I ask, because Business Day is reporting that China’s energy use has declined over the last year. (Yee-haa!) The response of the International Energy Agency and other “observers” has been to question the veracity of Chinese statistics.
It’s not a very consistent or well-written article, so it’s perhaps best not to read too much into it, but the Chinese are apparently arguing that energy usage (or at least, growth in energy usage – the article contradicts itself on this point) is declining:
Overall, services accounted for 44.3% of China’s gross domestic product in the first quarter, up from 42.7% a year earlier. Meanwhile, output by energy-intensive industries such as metals smelting, petrochemicals, coking and steelmaking rose only 2.3%, while their electricity use fell 3.7%.
If Chinese energy use does actually decline or stabilise, this is potentially very good news: it means the impact of one of the world’s biggest economies on our global climate may be smaller than anticipated.
But China is perhaps given an unnecessarily hard rap over its position on climate change and sustainability.
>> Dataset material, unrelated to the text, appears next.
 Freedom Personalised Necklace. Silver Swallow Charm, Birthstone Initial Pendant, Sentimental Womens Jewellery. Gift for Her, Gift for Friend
The New York Times reported, this last week, following the UK Guardian, that in July 2008, there was a confidential meeting between US and Chinese representatives exploring options and finding new ground for a pact on climate change.
The talks included White House science adviser John Holdren and former Undersecretary of State Frank Loy:
Loy said what he did come away with was a much greater understanding and appreciation of China’s ambitious energy efficiency and renewable energy plans.
“I became persuaded that China really has made a decision internally to become or seek to become a low-carbon economy,” he said.
Which is more than can be said of most countries.